> _What you should do_: Nothing but the lines below from the one containing "MEMPHIS, TN - NOVEMBER" through the one containing "Close-up of tumble" should appear in the answer, exact and without pictures.

> _Supplied records_:
=== Begin Enclosure ===

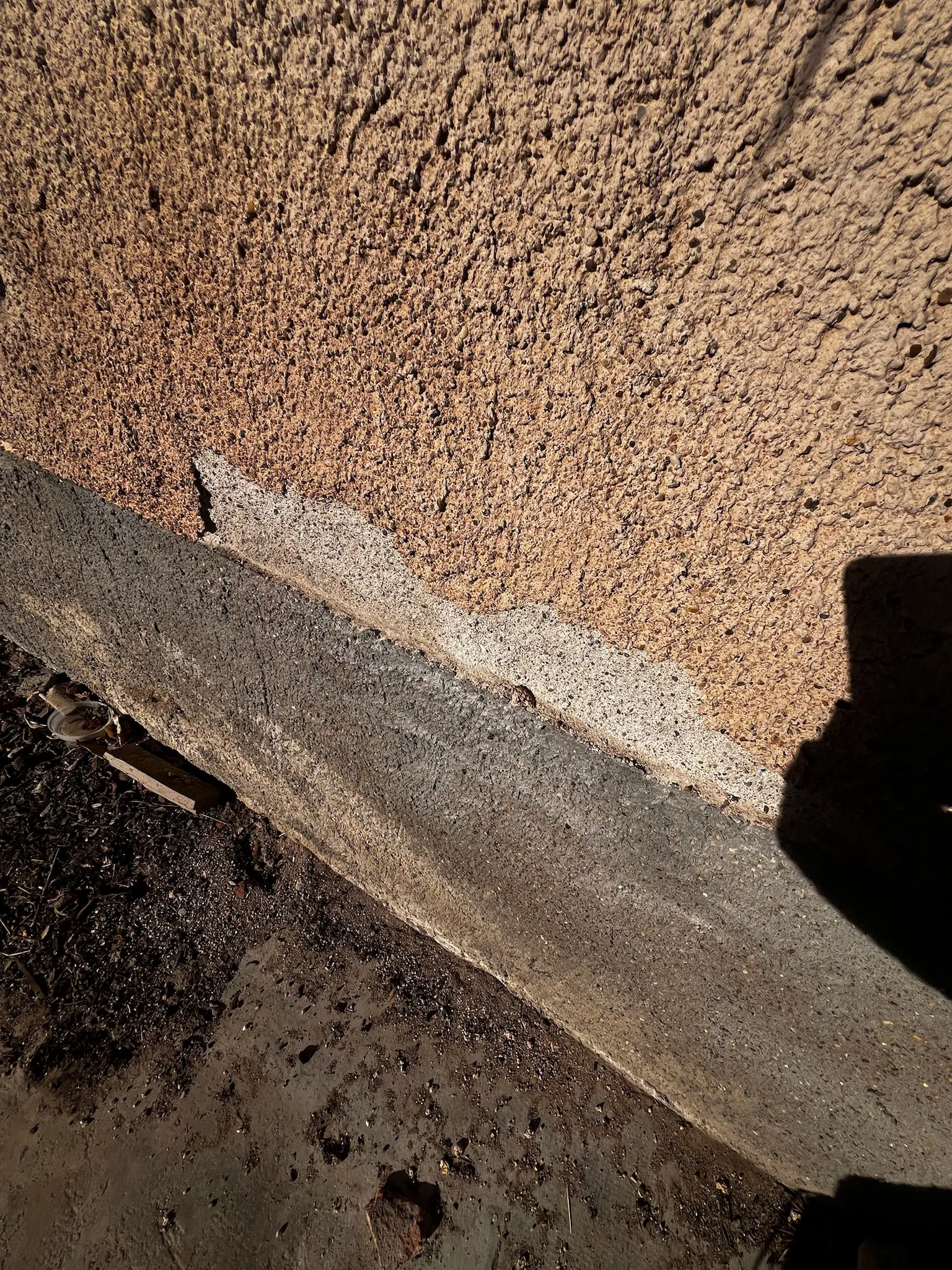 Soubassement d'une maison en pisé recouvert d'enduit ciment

=== End Enclosure ===
=== Begin Enclosure ===

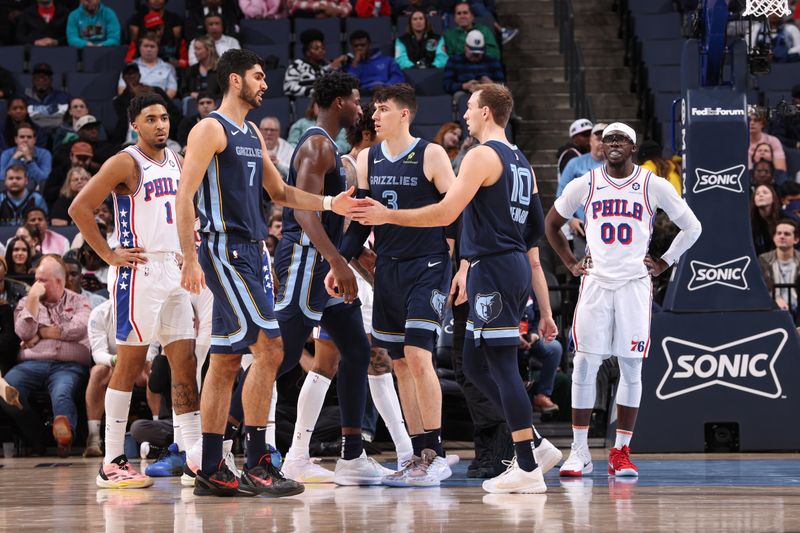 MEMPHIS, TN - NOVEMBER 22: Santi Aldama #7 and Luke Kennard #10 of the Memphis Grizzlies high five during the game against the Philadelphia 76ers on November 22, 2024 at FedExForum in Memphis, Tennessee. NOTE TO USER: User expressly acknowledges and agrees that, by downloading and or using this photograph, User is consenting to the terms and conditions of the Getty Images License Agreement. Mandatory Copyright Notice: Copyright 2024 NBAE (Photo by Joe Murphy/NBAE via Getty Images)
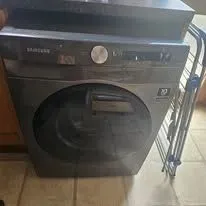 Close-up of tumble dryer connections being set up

=== End Enclosure ===
=== Begin Enclosure ===

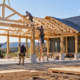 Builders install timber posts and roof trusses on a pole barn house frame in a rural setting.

=== End Enclosure ===

> _Response for this exercise_:
 MEMPHIS, TN - NOVEMBER 22: Santi Aldama #7 and Luke Kennard #10 of the Memphis Grizzlies high five during the game against the Philadelphia 76ers on November 22, 2024 at FedExForum in Memphis, Tennessee. NOTE TO USER: User expressly acknowledges and agrees that, by downloading and or using this photograph, User is consenting to the terms and conditions of the Getty Images License Agreement. Mandatory Copyright Notice: Copyright 2024 NBAE (Photo by Joe Murphy/NBAE via Getty Images)
 Close-up of tumble dryer connections being set up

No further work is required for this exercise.